◆ What to do:
Set down the entries exactly. No line may differ from its source.

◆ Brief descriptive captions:
-------
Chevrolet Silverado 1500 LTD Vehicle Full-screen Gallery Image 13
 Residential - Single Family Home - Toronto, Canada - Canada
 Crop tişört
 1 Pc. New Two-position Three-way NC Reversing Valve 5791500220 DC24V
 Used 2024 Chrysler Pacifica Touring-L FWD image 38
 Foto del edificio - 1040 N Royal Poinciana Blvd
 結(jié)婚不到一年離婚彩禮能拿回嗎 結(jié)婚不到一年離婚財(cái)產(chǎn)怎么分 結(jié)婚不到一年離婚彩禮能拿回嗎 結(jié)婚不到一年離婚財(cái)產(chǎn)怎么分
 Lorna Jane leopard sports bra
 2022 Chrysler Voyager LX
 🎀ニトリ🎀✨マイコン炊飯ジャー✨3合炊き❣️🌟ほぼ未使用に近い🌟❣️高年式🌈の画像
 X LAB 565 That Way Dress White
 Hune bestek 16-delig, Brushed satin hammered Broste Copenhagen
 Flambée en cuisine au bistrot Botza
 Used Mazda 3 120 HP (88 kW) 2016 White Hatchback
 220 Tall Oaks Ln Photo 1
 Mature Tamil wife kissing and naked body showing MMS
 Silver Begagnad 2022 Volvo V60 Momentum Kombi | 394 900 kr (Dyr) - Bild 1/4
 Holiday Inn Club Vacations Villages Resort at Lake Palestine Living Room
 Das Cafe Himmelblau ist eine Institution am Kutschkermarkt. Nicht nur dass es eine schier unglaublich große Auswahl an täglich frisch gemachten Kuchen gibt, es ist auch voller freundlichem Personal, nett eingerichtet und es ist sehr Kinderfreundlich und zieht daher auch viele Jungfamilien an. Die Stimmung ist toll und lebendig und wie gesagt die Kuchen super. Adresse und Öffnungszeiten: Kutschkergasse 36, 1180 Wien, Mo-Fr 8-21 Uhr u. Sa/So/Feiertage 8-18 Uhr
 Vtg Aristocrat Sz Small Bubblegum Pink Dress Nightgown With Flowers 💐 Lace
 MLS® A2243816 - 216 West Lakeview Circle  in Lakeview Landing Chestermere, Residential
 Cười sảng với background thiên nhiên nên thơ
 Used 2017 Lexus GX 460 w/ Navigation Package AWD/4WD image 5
-------
◆ Your response:
Chevrolet Silverado 1500 LTD Vehicle Full-screen Gallery Image 13
 Residential - Single Family Home - Toronto, Canada - Canada
 Crop tişört
 1 Pc. New Two-position Three-way NC Reversing Valve 5791500220 DC24V
 Used 2024 Chrysler Pacifica Touring-L FWD image 38
 Foto del edificio - 1040 N Royal Poinciana Blvd
 結(jié)婚不到一年離婚彩禮能拿回嗎 結(jié)婚不到一年離婚財(cái)產(chǎn)怎么分 結(jié)婚不到一年離婚彩禮能拿回嗎 結(jié)婚不到一年離婚財(cái)產(chǎn)怎么分
 Lorna Jane leopard sports bra
 2022 Chrysler Voyager LX
 🎀ニトリ🎀✨マイコン炊飯ジャー✨3合炊き❣️🌟ほぼ未使用に近い🌟❣️高年式🌈の画像
 X LAB 565 That Way Dress White
 Hune bestek 16-delig, Brushed satin hammered Broste Copenhagen
 Flambée en cuisine au bistrot Botza
 Used Mazda 3 120 HP (88 kW) 2016 White Hatchback
 220 Tall Oaks Ln Photo 1
 Mature Tamil wife kissing and naked body showing MMS
 Silver Begagnad 2022 Volvo V60 Momentum Kombi | 394 900 kr (Dyr) - Bild 1/4
 Holiday Inn Club Vacations Villages Resort at Lake Palestine Living Room
 Das Cafe Himmelblau ist eine Institution am Kutschkermarkt. Nicht nur dass es eine schier unglaublich große Auswahl an täglich frisch gemachten Kuchen gibt, es ist auch voller freundlichem Personal, nett eingerichtet und es ist sehr Kinderfreundlich und zieht daher auch viele Jungfamilien an. Die Stimmung ist toll und lebendig und wie gesagt die Kuchen super. Adresse und Öffnungszeiten: Kutschkergasse 36, 1180 Wien, Mo-Fr 8-21 Uhr u. Sa/So/Feiertage 8-18 Uhr
 Vtg Aristocrat Sz Small Bubblegum Pink Dress Nightgown With Flowers 💐 Lace
 MLS® A2243816 - 216 West Lakeview Circle  in Lakeview Landing Chestermere, Residential
 Cười sảng với background thiên nhiên nên thơ
 Used 2017 Lexus GX 460 w/ Navigation Package AWD/4WD image 5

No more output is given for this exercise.